■ About this task:
In the material below, find the line containing "Jell Dessert - Jello Raspberry 3Oz Gefen K/P" and the line containing "Set da pranzo". Output those two lines and all lines between them exactly, without pictures.

■ Data provided:
_ _ _

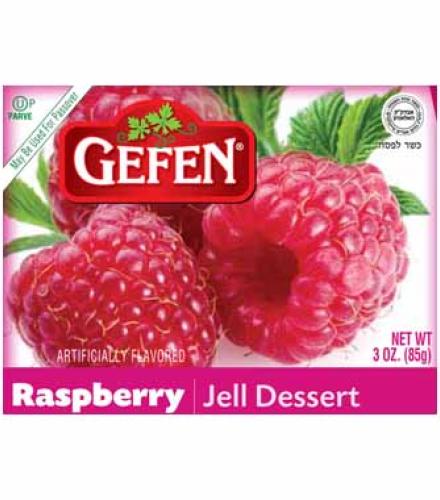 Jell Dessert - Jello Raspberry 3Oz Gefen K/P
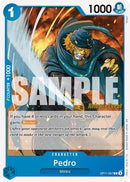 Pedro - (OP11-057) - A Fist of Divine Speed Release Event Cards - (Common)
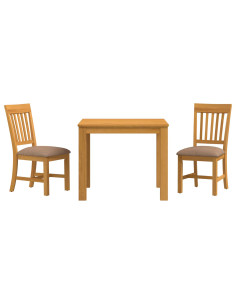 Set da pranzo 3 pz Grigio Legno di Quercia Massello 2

_ _ _

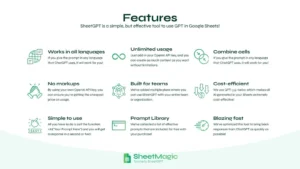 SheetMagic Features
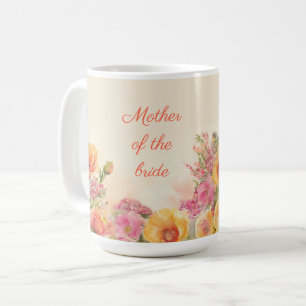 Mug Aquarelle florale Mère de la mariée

_ _ _

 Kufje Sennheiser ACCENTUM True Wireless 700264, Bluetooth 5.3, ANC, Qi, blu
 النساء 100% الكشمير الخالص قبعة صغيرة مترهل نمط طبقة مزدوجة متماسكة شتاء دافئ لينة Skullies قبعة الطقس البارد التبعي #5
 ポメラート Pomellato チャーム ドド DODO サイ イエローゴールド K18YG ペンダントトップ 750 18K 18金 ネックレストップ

_ _ _

■ Final answer:
 Jell Dessert - Jello Raspberry 3Oz Gefen K/P
 Pedro - (OP11-057) - A Fist of Divine Speed Release Event Cards - (Common)
 Set da pranzo 3 pz Grigio Legno di Quercia Massello 2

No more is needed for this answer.